Search code examples
javamultithreadingthread-safetyrace-condition

Is it OK to read a variable that could potentially be written at the same time?


Might sound a little silly but I'm not proficient in Java so wanted to make sure:

If there are two code points

I:

if (_myVar == null) 
{
    return; 
}

II:

synchronized (_myLock) 
{
    _myVar = MyVarFactory.create(/* real params */)
}

Edit: Assuming that this _myVar is a complex object (i.e. not boolean, int, or long) but a fully fledged java class that has some parent classes etc. .

Assuming that I and II can run on separate threads at the same time, I think that in C++ this would be a "data race", however I am not sure about the situation in Java.


Solution

  • TL;DR: No, not okay.

    Explanation:

    The relevant documentation is the Java Memory Model (JMM).

    The JMM gives the freedom to the JVM to make a local cached copy of every field on all objects for each individual thread.

    Then, it hands each thread a coin. Anytime the thread reads a field or writes a field, it flips this coin. On heads, it uses its local cache. On tails, it updates both its local cache as well as the 'real' copy.

    Furthermore, the coin is evil. It is not actually random, but it is unreliable. It may flip tails every time today, every time on the test machine, and every time during the first week of the beta. And then just when you're giving a demo to that important potential customer it starts flipping heads on you, reliably, all day, every time. Just.. all of a sudden.

    The name of the game is simple: If the behaviour of your program depends on the result of the evil coin flip, you lose.

    Thus, either write code that doesn't care (hard), or write code that suppresses the flips (easier).

    In general, the easiest thing to do is to never have any fields that you concurrently write to and read from. This sounds impossible but is, in fact, quite easy: Top-down frameworks like fork join do all communications via the stack (so, method parameter passing and method return values), and there is of course that old, tried, and true trick: Do all comms via a channel that has excellent support for concurrent operations, such as a relational database like postgres, or a message queue like rabbitmq.

    If you must use the same field from multiple threads in a concurrent fashion, the only way to ensure the evil coin is not flipped is to establish so-called 'Happens-Before/Happens-After' relationships (this is the official terminology as used in the JMM): There are certain specific ways to set up a relationship such that the JMM officially blesses 2 lines of code: That line will definitely 'happen after' that line (which means: The line that 'happens after' will definitely observe the changes that were caused by the line that 'happens before'). Without HBHA, evil coin flip occurs and you may or may not see the change depending on the phase of the moon.
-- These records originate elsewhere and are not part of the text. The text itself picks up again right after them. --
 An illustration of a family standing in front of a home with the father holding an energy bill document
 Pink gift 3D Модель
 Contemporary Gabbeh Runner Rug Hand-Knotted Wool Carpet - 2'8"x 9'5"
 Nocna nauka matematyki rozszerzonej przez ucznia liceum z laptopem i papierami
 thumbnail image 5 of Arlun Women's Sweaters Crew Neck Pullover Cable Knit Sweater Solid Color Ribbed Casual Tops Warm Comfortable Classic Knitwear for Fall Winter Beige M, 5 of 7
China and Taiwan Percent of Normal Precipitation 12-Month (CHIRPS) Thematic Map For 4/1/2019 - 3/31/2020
    The list of HBHA causation is lengthy, but the common ways:

    • The natural: 2 bits of code running in the same thread have a natural HBHA relationship. The JVM/CPU is actually free to re-order code and run things simultaneously if it wants to, but the JVM guarantees that whatever any code observes is as if code within a single thread runs strictly sequentially.
    • Starting threads: thread.start() is guaranteed to happen-before the first line of code within that thread.
    • synchronized: If a thread exits a synchronized block, then that happens-before any other thread entering a synchronized block that is synchronizing on the same object reference.
    • volatile: Reads/writes to volatile fields establish an arbitrary order, but it is reliable, and sets up HBHA.

    In your code example, there is absolutely no HBHA going on, as I assume that the first snippet runs in one thread and the second snippet runs in another. Yes, the second snippet uses synchronized, but the first does not, and synchronized can only establish HBHA with other synchronized blocks (and only if they are synchronizing on the exact same object). Thus, you have no HBHA.
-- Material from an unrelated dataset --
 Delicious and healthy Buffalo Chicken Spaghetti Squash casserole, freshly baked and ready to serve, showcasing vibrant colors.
    Therefore, the JMM gives the JVM the freedom to run your snippets such that you do not observe that update done by the second snippet (where _myVar is set up to some instance), even if it CAN observe other stuff that the second thread did change.

    SOLUTION: Set up HBHA; use either an AtomicReference which does it for you, or toss a synchronized(_myLock) around the first snippet, or forget this and use a db or rabbitmq or fork/join or some other framework.

    NB: There is pretty much no way to write tests that confirm that evil coin flips are occurring. You should take the advice to look into obviating the need to talk about sharing mutating fields between threads entirely with e.g. fork/join, message queues, or databases seriously as a consequence: Multithreaded code that shares fields has a tendency to be riddled with bugs that no tests can catch.